State how many lines of the entries hold the string "Gallery". Reply with the number alone.

#### Exercise inputs

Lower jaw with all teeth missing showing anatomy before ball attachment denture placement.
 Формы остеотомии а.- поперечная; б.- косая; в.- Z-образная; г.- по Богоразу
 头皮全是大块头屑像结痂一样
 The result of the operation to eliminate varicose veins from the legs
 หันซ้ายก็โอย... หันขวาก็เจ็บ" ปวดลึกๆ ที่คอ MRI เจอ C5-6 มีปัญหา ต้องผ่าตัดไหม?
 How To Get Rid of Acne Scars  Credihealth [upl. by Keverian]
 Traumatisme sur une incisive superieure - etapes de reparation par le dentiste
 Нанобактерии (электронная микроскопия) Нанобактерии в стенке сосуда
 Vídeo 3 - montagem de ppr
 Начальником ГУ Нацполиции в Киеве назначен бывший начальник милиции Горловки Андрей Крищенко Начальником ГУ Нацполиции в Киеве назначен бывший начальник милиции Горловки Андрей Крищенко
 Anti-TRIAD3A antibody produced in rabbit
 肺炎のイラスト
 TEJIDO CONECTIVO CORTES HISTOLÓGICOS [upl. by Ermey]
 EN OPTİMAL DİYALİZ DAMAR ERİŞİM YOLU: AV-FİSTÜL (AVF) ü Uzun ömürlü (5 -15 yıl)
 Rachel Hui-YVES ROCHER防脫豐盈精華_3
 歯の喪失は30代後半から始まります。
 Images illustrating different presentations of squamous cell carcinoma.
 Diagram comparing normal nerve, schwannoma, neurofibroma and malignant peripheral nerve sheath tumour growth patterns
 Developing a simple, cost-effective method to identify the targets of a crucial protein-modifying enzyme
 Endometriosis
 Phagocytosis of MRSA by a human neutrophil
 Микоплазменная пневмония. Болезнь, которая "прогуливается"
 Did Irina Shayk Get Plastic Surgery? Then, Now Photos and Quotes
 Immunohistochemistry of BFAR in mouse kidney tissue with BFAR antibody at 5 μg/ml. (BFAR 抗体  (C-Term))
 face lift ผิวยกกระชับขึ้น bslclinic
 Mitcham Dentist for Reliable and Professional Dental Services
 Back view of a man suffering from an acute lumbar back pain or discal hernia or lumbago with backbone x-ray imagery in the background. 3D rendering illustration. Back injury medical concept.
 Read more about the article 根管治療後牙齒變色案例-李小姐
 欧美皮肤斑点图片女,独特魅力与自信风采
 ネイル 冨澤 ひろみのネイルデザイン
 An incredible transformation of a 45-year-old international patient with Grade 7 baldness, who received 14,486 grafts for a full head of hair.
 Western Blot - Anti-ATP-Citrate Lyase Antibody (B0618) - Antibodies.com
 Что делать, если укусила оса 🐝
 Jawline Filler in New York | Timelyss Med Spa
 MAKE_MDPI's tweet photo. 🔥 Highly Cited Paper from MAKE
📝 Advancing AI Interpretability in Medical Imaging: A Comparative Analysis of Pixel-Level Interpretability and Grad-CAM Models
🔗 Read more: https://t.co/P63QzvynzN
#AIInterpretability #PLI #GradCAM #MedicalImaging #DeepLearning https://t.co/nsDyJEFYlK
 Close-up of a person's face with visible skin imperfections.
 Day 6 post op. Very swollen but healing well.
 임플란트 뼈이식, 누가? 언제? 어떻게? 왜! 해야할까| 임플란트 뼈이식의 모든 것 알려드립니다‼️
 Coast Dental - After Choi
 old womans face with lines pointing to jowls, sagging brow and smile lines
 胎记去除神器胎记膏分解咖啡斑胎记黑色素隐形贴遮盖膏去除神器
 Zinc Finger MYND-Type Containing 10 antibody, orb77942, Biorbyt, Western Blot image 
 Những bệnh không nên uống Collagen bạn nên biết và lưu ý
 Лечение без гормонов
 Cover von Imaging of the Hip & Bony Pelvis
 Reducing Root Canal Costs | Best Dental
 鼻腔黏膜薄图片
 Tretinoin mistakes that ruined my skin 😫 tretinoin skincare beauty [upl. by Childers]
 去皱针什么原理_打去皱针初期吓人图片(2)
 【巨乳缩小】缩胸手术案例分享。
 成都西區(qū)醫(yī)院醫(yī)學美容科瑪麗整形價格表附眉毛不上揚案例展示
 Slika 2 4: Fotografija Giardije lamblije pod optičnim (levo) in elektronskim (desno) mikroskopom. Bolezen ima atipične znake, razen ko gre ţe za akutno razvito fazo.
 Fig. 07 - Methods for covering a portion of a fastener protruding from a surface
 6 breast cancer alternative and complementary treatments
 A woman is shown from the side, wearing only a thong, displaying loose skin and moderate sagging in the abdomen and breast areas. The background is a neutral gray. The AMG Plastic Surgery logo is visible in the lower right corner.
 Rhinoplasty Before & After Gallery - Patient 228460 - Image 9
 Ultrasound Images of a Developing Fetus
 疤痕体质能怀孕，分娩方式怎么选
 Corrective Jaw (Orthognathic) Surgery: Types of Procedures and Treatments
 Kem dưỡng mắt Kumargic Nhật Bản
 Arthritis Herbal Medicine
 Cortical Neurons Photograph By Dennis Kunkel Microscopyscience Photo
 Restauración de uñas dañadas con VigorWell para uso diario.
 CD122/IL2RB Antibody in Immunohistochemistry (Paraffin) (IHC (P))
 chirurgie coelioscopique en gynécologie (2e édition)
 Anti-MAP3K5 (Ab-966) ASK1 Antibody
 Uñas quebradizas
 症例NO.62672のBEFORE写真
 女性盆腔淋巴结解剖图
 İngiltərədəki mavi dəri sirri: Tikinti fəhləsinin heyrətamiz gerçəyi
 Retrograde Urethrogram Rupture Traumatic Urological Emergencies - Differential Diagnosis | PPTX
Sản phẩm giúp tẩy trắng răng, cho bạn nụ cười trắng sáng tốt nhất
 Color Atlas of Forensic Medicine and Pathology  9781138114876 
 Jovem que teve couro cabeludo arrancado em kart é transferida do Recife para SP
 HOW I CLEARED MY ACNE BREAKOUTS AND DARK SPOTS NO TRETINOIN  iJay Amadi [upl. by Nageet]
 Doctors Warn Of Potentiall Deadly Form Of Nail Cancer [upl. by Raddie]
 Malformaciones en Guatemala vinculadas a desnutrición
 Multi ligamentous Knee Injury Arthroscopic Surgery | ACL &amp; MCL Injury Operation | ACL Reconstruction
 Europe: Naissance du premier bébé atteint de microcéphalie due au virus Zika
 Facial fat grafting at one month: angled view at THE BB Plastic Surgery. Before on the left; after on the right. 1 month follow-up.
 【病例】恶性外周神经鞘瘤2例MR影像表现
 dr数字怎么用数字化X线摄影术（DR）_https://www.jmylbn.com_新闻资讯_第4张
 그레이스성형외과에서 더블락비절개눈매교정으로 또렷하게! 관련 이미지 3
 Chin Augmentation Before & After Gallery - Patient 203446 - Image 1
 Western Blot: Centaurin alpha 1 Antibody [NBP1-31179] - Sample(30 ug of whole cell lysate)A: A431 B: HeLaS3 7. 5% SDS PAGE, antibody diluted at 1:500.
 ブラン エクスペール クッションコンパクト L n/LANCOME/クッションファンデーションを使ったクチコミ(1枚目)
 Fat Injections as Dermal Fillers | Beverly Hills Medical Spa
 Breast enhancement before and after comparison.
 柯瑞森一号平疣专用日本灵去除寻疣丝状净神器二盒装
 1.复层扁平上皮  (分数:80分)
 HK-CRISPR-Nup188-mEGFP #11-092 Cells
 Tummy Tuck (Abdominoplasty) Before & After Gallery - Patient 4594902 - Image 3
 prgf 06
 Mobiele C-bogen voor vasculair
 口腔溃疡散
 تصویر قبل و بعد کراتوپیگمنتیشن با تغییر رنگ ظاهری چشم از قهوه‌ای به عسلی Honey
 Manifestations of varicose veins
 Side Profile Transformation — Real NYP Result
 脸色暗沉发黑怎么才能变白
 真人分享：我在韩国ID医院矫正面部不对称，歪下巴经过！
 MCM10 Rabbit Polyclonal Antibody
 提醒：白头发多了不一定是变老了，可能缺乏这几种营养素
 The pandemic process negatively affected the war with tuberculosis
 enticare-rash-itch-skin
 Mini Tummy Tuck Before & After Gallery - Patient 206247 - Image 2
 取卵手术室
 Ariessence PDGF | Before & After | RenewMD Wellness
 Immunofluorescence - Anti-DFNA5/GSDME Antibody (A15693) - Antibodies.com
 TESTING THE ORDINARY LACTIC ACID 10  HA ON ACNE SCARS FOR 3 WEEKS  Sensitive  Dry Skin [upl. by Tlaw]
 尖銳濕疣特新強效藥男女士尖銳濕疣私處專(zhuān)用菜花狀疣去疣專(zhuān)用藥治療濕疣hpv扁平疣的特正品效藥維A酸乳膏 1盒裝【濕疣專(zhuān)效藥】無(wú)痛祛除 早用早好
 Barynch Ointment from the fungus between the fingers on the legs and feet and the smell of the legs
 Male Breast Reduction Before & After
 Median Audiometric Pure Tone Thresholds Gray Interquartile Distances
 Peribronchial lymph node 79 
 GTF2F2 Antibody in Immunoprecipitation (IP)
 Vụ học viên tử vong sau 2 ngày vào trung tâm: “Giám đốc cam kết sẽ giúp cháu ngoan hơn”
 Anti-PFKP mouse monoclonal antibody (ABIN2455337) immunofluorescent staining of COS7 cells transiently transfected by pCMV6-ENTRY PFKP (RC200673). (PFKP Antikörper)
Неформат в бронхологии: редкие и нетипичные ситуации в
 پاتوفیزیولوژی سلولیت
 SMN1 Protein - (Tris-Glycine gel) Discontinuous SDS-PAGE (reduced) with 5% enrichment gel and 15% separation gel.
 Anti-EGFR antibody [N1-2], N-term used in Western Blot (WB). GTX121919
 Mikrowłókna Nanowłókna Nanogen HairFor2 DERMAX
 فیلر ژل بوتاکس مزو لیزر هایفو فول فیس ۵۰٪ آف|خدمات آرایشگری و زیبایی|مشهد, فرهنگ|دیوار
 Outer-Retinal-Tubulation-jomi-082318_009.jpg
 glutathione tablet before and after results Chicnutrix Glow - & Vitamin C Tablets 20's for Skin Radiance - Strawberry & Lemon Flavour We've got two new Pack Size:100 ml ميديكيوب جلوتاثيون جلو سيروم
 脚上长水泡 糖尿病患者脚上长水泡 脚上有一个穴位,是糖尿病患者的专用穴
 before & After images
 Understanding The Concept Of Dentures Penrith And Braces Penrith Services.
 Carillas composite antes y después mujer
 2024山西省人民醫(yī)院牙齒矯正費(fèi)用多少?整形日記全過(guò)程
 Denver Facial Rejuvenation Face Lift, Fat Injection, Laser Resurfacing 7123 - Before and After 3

########

- _Output below_:
4